My workplace has a ton of these "Rise & Grind™️©️®️" Sigma and Ligma mindset books all over the place. I read them from time to time to gaze into the dreaded and loathsome Manosphere and understand my enemy.
The core of these books is a sort of bastardized self-actualization. I genuinely don't think becoming accountable to set of values and being active member in one's own life is a bad thing; in fact I think if they left it at that a lot of guys would be better for it. However, I find it to be uniquely corrupted by neoliberalism and capitalism, in that it twists and warps manhood into this ideal that demands the domination of everything and everyone around. It turns manhood into a zero-sum game.
A lot of these books blogs websites do offer somewhat meaningful mental frameworks for “achievement” but I'm always questioned as to what end. much of it is a false myth of manhood and recapturing a masculinity that never existed which I feel uniquely disappoints men. Patriarchy leaves men particularly vulnerable to these sorts of traps and snares when they are feeling down and out.
I do think it's good to strive and do your best, but that should never EVER come at the cost of someone else doing the same. If anything you should be helping others become their best too, so you two can be your best together and shine even brighter. I hate how the modern world has made being a dude about just being a dick with a bunch of stuff rather than being a good person. Discipline, steadfast commitment, pushing through failure, all that sort of stuff is great and good but not if it's just implemented to get a new shiny bauble or whatever. Capitalism really does hinder men's ability to live up their supposed values and virtues.

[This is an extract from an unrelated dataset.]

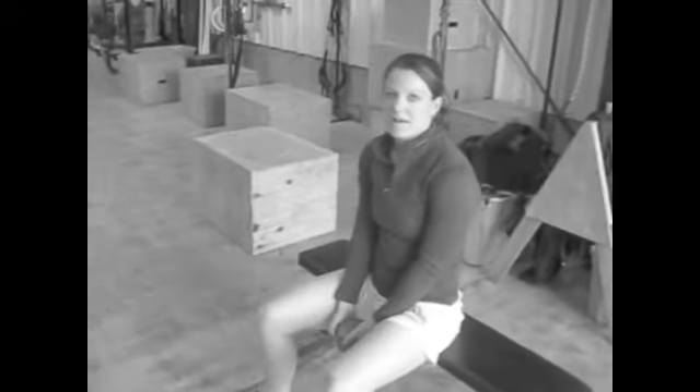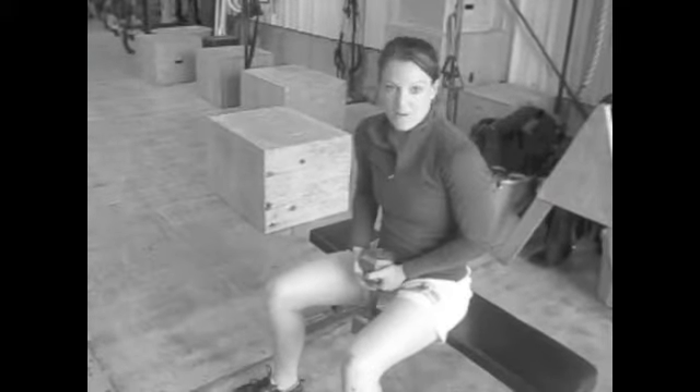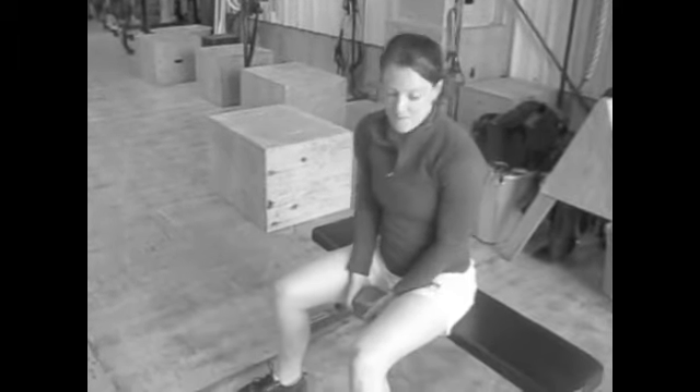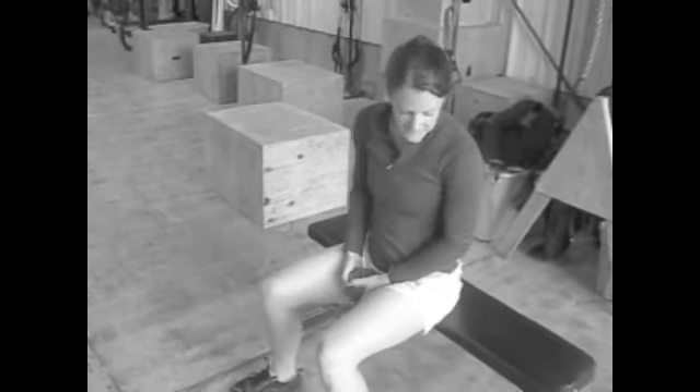The next exercise is a seated two-handed dumbbell swing. I'm using a 25 — 25 is probably going to be about right for females, or 15, a little bit higher for men. You want to sit with your butt towards the outside of the bench, that way you can get some leg drive since we're sitting.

We can’t be the mean we want to be with under capitalism, we can’t be the men we actually should be as along as capitalism is rules over us
Being a great man should be defined by your ability actually live out manly virtues, not these fast food Mc-ideals of debasing yourself for some coin. A good dude is more than his ability to dominate.
I don't know what my larger point is, but I'm just typing this at work cause they got me working on a Sunday and all these dumb books are lying around the "leadership" library. It's just so fuckin' corny.
Yes of course! I meant to say that something with core idea. I phrased that section poorly. This was just a brain-dump post in between tasks at work, but yeah a real-ass good dude isn't trying to dominate others. A real-ass dude is trying to build up others.